Autumn. Water-bird babies have fledged, we have waved goodbye to our summer visitors and staff, and now we three are alone on the Island again.
We will probably be running Tanera next summer (the Island has not yet been sold, so do book a cottage if you’d like to!) but the time has come – as we head into our fifth winter of isolation – to see if we can handle life on the mainland. So we are moving to a new home in Achiltibuie.
As with everything Island-related, moving house isn’t entirely straight forward: eyeing the forecast for a dry calm day, lugging cumbersome furniture down the mossy path to the pier, then down sea-weedy steps onto Patricia’s deck (high-tide is good), crossing to the mainland and up the pier into our trusty (rusty) transit van.
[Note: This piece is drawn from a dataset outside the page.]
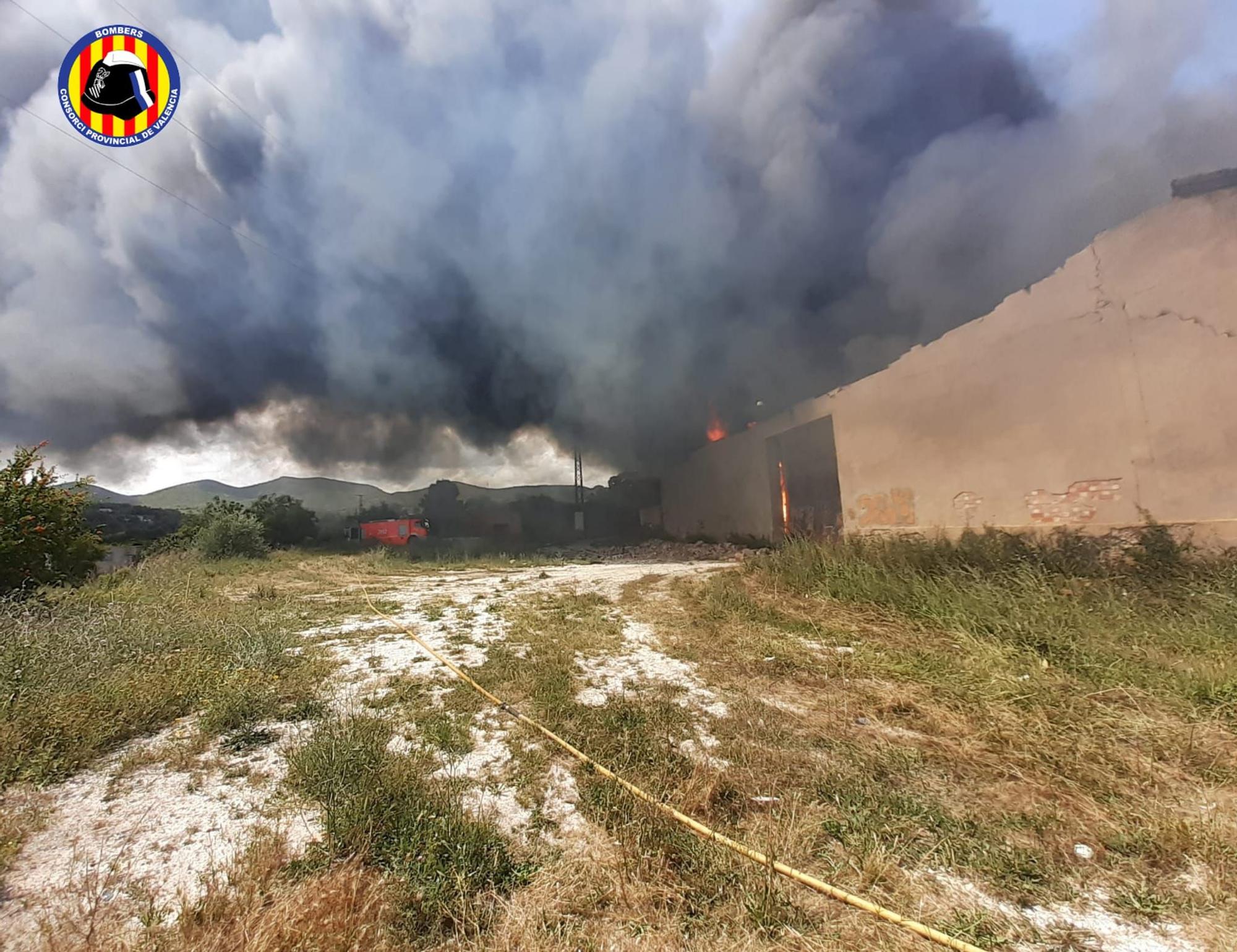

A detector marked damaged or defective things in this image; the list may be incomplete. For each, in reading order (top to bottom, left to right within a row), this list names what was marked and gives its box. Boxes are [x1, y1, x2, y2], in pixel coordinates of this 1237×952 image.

cracked concrete wall [663, 188, 1237, 542]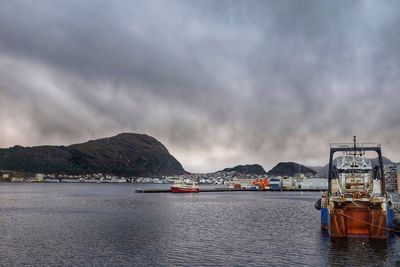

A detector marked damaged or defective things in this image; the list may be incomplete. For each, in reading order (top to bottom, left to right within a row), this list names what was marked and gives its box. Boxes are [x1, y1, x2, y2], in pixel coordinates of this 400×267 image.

rusty metal hull [328, 204, 388, 240]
But the final part of the procedure is luxuriously simple: just drive right up to the door and heave it all into the house.
Not needing to triple-handle every bit of luggage or grocery is one of the many luxuries we will find in our new mainland life. We will get so fat!
Amongst other luxuries there will be an electric kettle and an electric toaster (both unbearable for Tanera’s generator-battery system): no longer will breakfast be tyrannised by screeching steam and carbonised toast. We won’t need to scour forecasts and tide-tables, or caveat every plan with ‘weather permitting’. A trip to Toddler group will be child’s play! (Haha.)
But luxury is in the eye of the beholder, and in my humble opinion, life on Tanera is luxurious in the extreme. I’ve written here copiously about the delights of the bay below our house: the gentle “oooOOooo” of eider ducks, the hysterical shrieking of oyster catchers… seals, otters, phosphorescence… and last week I had to hang up mid-phone-call and dash down the path to watch a basking shark ambling by, just metres from the pier.
We will miss the lavish non-nibbled vegetation, particularly the sumptuous cushions of sphagnum moss, the bog asphodel, devil’s bit scabious and red clover, and the licheny tangles of native woodland. We will miss the sense of wild liberty of having our own big space. We will miss the view.
I probably shouldn’t grumble. Our new home also has rather a nice view, South West across the Summer Isles to Torridon. There is a little patch of conifers waiting to fill our wood burner and be replaced with some nice native species, and I’ve fallen in love with the peaty burn that tumbles down from Ben Mor Coigach and out to sea at a sandy beach a short walk from the house.
So, after three happy years columning here, now seems a sensible time to close. I hope to make occasional contributions to this publication, and certainly plan to keep writing about our new surroundings, Tanera’s future, and the environmental issues close to my heart. Thank you for reading me.
This article first appeared as a column in the magazine Scottish Islands Explorer – November-December issue 2013.